THE LAW of unintended consequences will play an enormous part in the aftermath of last week’s Scottish referendum result.
The impact is already being widely felt at all levels of the major political parties and the Labour Party conference in Manchester, from where this is being written, is awash with theory and debate on precisely this conundrum.
A fascinating fringe meeting hosted by the Policy Exchange think tank discussed the best ways to create greater demand-led foci in the skills sector – which, in English, means getting business to identify clearly what it needs from education.
Even this apparently technocratic issue resonates with tartan fall-out.
Jonathan Simons is head of the education unit at Policy Exchange and he has identified what he describes as a real tension between spatial and sectoral policy.
In essence what he said goes like this. Individuals who learn skills up to Level 3 (A Levels and equivalent) tend to train, become employed and continue to live in the area where they grew up – hence the provision of those skills requires the right spatial approach.
Those who are educated to Level 4 (first year of a degree course) and above, particularly if they went to a Russell Group University, migrate to where the work they want is, and that generally means London. Research shows that disturbingly, Manchester and Cambridge are the only areas in the entire country where the drain of talent to the capital is effectively resisted.
This is a significant problem. There is already a huge economic imbalance between London and the rest of the UK. The unusual coexistence in the capital of both the financial markets and the governmental centre makes London an enormous magnet for people and money.
Cities and regions need a thought-out strategy to oppose this brain drain and a new regional agenda born from reaction to the Scottish vote could be the opportunity to make it really effective.
At Milton Keynes College we already have a plan in place. We’ve identified the five main local growth sector: logistics, professional services, (eg banking, accountancy, law and management consultancy), health and care professions, customer services and digital industries.
If we can service these five smart specialisms as we call them by providing the right people with the right skills we can produce some magnetism of our own and reverse the London drain effect.
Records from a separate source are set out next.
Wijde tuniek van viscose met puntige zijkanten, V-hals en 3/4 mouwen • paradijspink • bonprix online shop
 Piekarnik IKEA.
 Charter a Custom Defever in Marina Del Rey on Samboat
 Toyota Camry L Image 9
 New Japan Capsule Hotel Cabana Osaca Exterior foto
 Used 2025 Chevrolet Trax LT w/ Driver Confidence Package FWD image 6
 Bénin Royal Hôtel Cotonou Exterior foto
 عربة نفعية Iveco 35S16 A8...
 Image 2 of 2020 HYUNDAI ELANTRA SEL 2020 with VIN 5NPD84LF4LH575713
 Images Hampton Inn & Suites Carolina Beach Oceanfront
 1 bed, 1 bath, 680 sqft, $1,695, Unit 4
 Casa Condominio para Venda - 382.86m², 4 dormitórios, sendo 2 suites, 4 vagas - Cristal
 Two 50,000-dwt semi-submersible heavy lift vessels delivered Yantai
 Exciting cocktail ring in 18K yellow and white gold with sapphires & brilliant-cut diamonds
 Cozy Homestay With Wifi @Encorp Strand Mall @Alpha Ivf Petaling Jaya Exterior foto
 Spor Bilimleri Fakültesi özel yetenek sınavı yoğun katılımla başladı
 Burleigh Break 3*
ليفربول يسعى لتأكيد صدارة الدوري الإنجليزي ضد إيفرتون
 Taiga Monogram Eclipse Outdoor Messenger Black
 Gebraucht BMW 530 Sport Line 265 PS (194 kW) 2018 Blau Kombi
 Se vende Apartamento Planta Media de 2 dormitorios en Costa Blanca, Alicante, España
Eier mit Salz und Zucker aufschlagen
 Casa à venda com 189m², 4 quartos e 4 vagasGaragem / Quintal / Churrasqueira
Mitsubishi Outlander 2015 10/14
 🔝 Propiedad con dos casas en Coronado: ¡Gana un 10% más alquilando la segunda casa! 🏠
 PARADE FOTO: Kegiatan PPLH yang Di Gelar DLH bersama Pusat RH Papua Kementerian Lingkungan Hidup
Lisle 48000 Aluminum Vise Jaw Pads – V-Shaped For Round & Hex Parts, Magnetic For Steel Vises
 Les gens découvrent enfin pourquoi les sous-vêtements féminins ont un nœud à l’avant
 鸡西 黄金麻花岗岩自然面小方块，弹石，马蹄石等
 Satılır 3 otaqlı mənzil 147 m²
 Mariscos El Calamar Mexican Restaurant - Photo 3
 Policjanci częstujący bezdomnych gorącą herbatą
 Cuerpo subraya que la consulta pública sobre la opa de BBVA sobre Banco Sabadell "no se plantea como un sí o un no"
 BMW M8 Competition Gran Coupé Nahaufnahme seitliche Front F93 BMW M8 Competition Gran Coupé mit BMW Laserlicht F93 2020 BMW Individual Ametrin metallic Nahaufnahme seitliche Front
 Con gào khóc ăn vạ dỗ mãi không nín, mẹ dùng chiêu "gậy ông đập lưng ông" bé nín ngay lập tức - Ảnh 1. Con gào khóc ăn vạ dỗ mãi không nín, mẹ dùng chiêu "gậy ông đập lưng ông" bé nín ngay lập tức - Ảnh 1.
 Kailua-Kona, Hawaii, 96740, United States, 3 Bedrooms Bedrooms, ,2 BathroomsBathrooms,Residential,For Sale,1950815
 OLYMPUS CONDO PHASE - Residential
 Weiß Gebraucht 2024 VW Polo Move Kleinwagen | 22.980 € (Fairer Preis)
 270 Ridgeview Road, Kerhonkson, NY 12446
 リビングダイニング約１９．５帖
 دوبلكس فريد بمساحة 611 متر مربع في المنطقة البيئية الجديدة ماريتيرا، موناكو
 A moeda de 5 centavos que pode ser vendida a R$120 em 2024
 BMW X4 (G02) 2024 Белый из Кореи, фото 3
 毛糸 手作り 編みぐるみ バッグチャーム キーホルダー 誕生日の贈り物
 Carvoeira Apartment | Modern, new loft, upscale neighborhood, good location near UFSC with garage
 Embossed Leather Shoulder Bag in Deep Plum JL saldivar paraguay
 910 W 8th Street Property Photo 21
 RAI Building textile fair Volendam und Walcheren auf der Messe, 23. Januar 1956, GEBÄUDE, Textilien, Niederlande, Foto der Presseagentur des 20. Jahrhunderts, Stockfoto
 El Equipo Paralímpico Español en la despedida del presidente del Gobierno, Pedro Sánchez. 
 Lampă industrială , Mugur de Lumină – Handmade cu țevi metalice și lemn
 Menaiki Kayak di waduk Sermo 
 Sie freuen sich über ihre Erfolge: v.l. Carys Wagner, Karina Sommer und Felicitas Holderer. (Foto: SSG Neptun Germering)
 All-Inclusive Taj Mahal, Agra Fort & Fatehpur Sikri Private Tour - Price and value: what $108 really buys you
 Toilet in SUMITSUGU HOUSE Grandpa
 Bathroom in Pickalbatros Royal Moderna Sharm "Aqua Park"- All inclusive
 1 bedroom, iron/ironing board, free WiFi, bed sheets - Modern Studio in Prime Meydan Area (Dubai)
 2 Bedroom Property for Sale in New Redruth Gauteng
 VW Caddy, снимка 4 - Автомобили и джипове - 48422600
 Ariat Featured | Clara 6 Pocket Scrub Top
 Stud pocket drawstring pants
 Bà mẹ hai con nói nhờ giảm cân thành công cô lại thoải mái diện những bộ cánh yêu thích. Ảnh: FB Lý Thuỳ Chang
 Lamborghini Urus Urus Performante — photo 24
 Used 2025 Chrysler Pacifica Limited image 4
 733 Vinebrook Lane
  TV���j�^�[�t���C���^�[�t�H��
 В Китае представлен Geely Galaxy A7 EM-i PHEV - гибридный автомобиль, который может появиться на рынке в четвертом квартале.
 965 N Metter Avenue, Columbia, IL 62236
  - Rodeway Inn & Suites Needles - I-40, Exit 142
By way of example, Milton Keynes is the fourth most clustered digital economy in the UK (according to the National Institute of Economic and Social Research). That is to say we have a higher concentration of digital businesses in the city than all but three other places in the country.
If we want those people and those business to stay and to generate wealth and create jobs, we have to provide them with good reason in terms of the education and related support available.
The referendum has provided a massive opportunity for regions, cities and areas to look at themselves to see what they can do to support their own smart specialisms.
Greater political powers, and specifically money-raising powers, are coming their way. How well these are used will determine which areas of the UK rise and fall in this brave new regionalised world.
Business needs to play a big part in this. Companies and industries need to think very hard about the people they want and the training they require.
Education has taken on board the argument that it has been too supply side led in the past. We stand ready to listen to what employers want.
They need to take a full part in the conversation. A consensus is evolving around the need for this conversation and neither side can afford to be passive any more.
London be warned, the regional fight back has begun.